Interviews with prostitutes, mama-sans, community workers, academics and clients expose the complexity of prostitution in two very different cultures.
The documentary also shows live footage of seventeen children (some as young as ten years old) are rescued from a local brothel in Angeles and caught disturbingly on film.

==Funding==
Hope in Heaven was part of a five-year development project funded by the Canadian International Development Agency (CIDA) in cooperation with Mount Saint Vincent University (MSVU) and Saint Mary's University, of Halifax, Nova Scotia, Canada.

==Profits==
All profits from the documentary were donated to the Women Helping Women Center in Angeles City, and to Mila, who suffers from tuberculosis.

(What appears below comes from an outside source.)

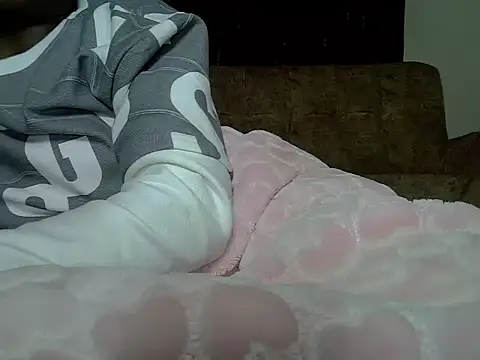 Snapshot of AurelAda chatting on February 27, 2026, 12:43 am AurelAda online show from February 27, 2026, 12:43 am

==Produced in association with==
- The Canadian International Development Agency
- CIDA-AUCC TIER 2 UPCD Programme
- Mount Saint Vincent University
- MSVU Technology Learning and Research Centre
- Saint Mary's University
- SMU International Activities Office

==Meredith Ralston==
The documentary was written, directed and produced by Meredith Ralston.
Ralston is a professor in the women's studies and political studies Departments at Mount Saint Vincent University and president of Ralston Productions Ltd. in Halifax where she lives.
She is a graduate of the UCLA School of Theater, Film and Television.
Ralston is a Fredericton High School graduate who studied political science at the University of New Brunswick before earning her degree at the University of Toronto.

==The book==
Ralston published her book dealing with this as Reluctant Bedfellows in 2008.

==Narration==
Narrated by Kiefer Sutherland.

==Awards==
Hope In Heaven (Selling Sex in Heaven) won Best Documentary at the Big Bear Lake International Film Festival in California.
It was also featured at the Atlantic Film Festival in September 2005.